* EXERCISE OBJECTIVE
The records below are to be returned exactly as written, minus their pictures.

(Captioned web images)
· · · · ·
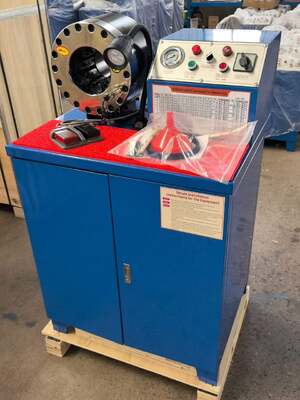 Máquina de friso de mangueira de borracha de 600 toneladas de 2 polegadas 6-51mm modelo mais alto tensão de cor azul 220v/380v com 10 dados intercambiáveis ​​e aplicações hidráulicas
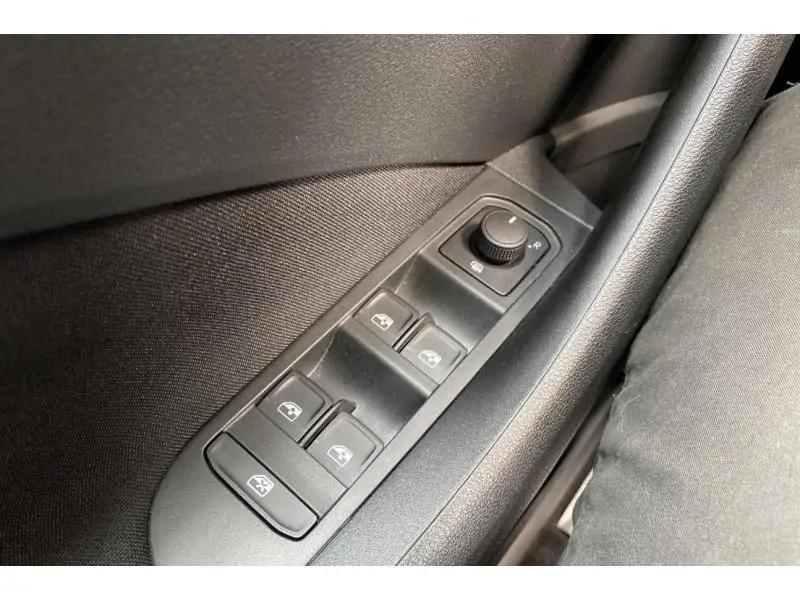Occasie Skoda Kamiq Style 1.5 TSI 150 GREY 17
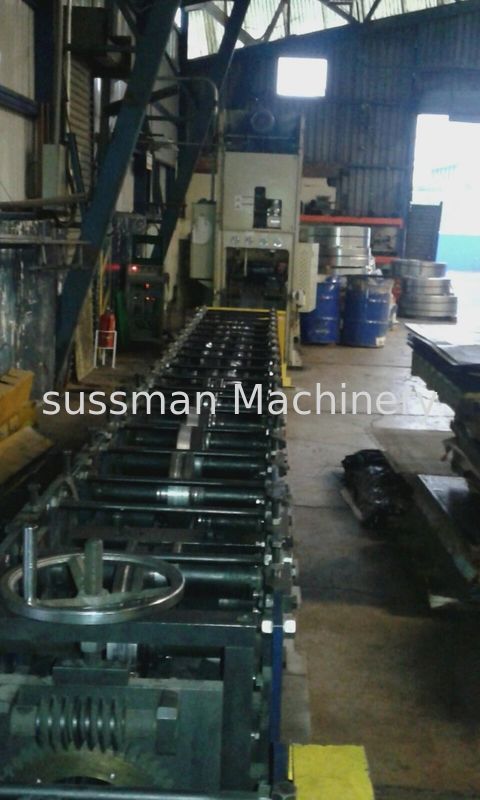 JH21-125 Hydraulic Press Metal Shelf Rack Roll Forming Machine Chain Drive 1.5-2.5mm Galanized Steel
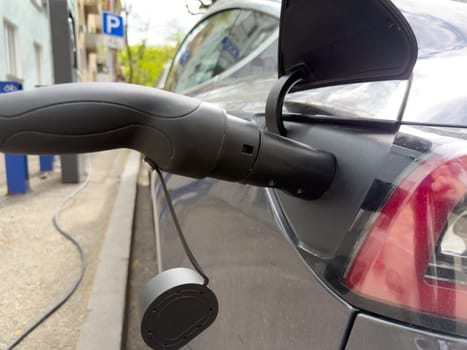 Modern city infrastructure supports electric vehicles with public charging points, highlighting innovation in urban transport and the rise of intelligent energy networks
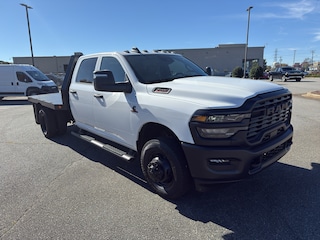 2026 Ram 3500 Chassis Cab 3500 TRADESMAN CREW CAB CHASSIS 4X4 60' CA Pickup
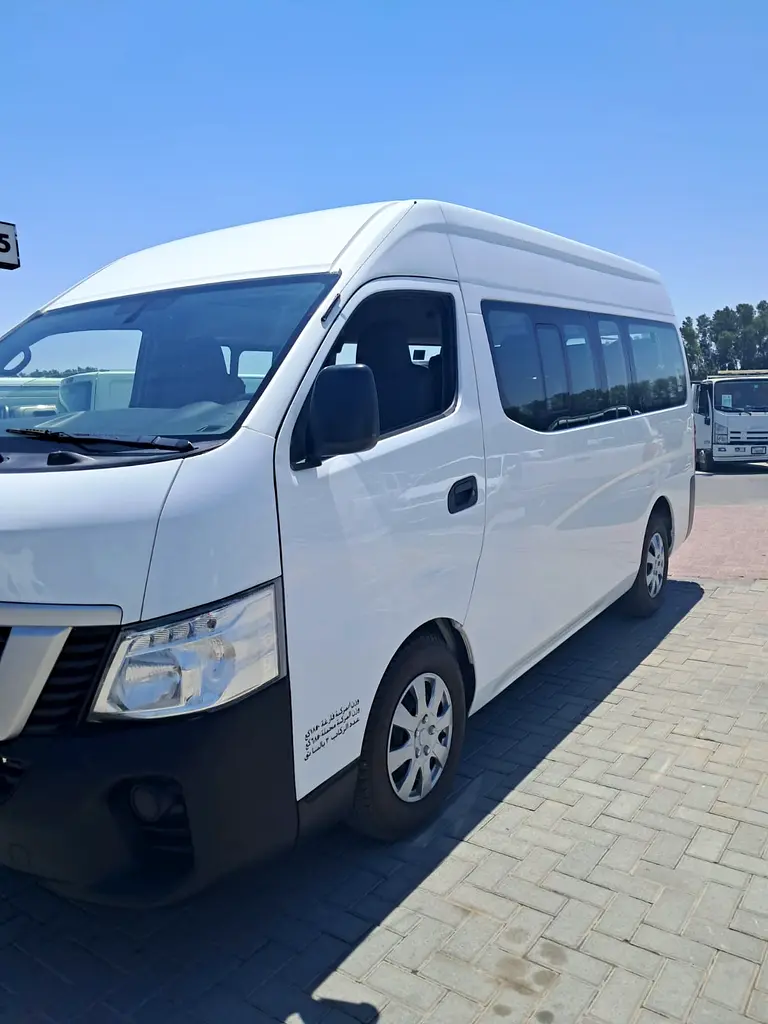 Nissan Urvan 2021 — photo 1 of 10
· · · · ·
* SOLVED PROBLEM
 Máquina de friso de mangueira de borracha de 600 toneladas de 2 polegadas 6-51mm modelo mais alto tensão de cor azul 220v/380v com 10 dados intercambiáveis ​​e aplicações hidráulicas
Occasie Skoda Kamiq Style 1.5 TSI 150 GREY 17
 JH21-125 Hydraulic Press Metal Shelf Rack Roll Forming Machine Chain Drive 1.5-2.5mm Galanized Steel
 Modern city infrastructure supports electric vehicles with public charging points, highlighting innovation in urban transport and the rise of intelligent energy networks
 2026 Ram 3500 Chassis Cab 3500 TRADESMAN CREW CAB CHASSIS 4X4 60' CA Pickup
 Nissan Urvan 2021 — photo 1 of 10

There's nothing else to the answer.